How did the global influences appear on the menu?

Drawing from different cuisines has always been a part of our food program. It gives our guests a wide range options and flavors—something for everyone. We love creating a diverse and eclectic menu of cuisines that pair well with our beers.

What's your favorite Iron Hill food and beer pairing?

That’s a tough question. It’s probably whatever I’m eating and drinking together. Honestly, there have been so many great beer and food pairings over the years—it’s hard to choose! We have a great pairing on the horizon with our Mahalo Apollo! and the Huli Huli Wings: total harmony!

I’d also recommend these pairings from our upcoming spring/summer menu: Voodoo Shrimp with Ore House IPA, Jamaican Jerk Pork Porterhouse with Ore House IPA or White Iron Wit and Nachos al Pastor with Vienna Red Lager.

Why do you keep the comfort classics on the menu like meatloaf and pot pie?

Comfort food is home. Eating those dishes takes me back to my childhood and the memories of eating mom’s cooking. Our guests love those dishes and we make sure they don’t disappoint.

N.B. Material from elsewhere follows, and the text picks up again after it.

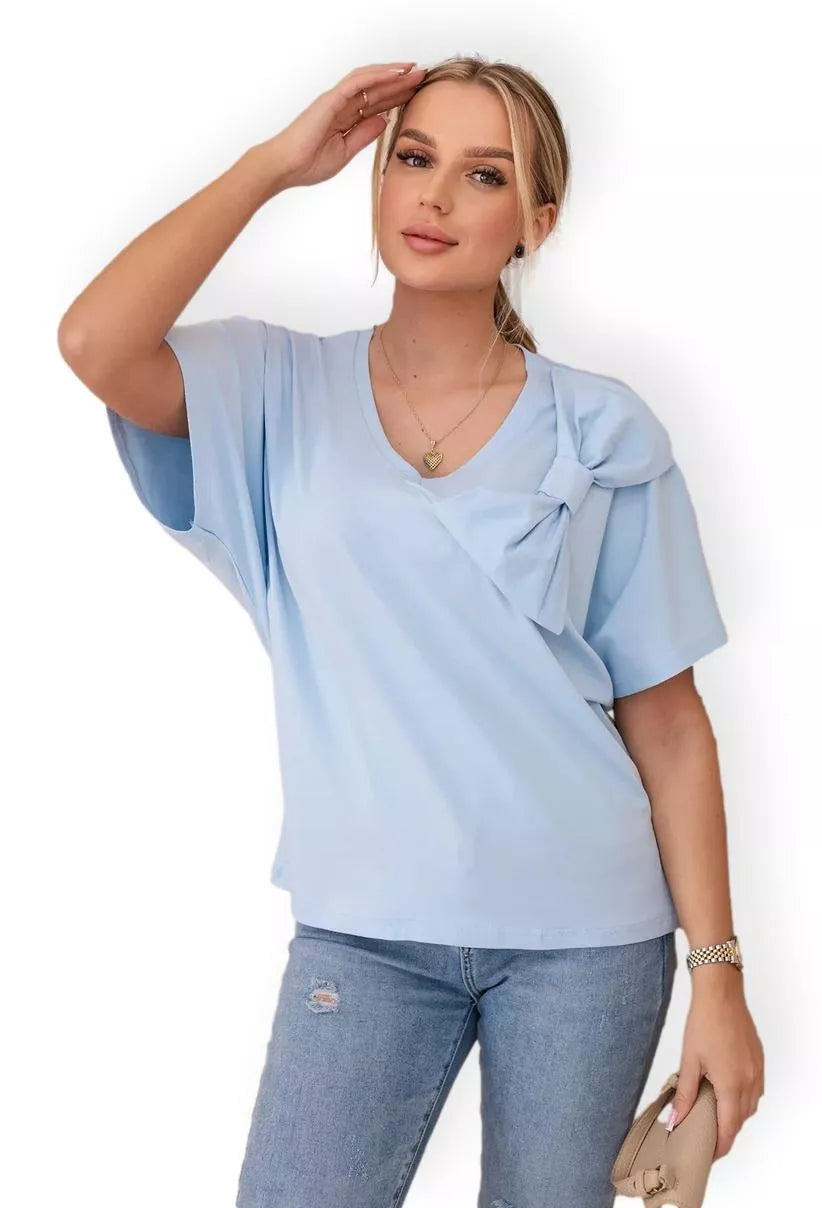 Women's light blue T-shirt Korin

What motivates you each day?

My family and the Iron Hill family count on me to do my best—that need drives me every day. Doing the best job possible has always and will remain always at the core of my existence. When someone stops me to tell me how much they love Iron Hill … that’s what it’s all about.

What's one thing the average person wouldn't know about being a chef?

Being a chef isn’t what most people think it is—there’s a ton of organization involved, and planning and implementation can be difficult. I think people who haven’t worked in the industry just think it’s cooking food. There are so many moving parts, and orchestrating the controlled chaos is a daily challenge.

What do you enjoy doing in your spare time?

My one- and three-year-old boys are my hobbies (LOL!). I actually also enjoy the solitude of yardwork and tending to my own fresh ingredients in my gardens.

What's one thing no one knows about you?

This always gets the biggest laugh: I was voted “most school spirit” in the seventh grade!

Would you like to give a shout-out to your family?

A chef’s hours can be a strain on family life. I’m so lucky to be supported and inspired by my beautiful wife, Kelly, and our two boys Daniel and Henry.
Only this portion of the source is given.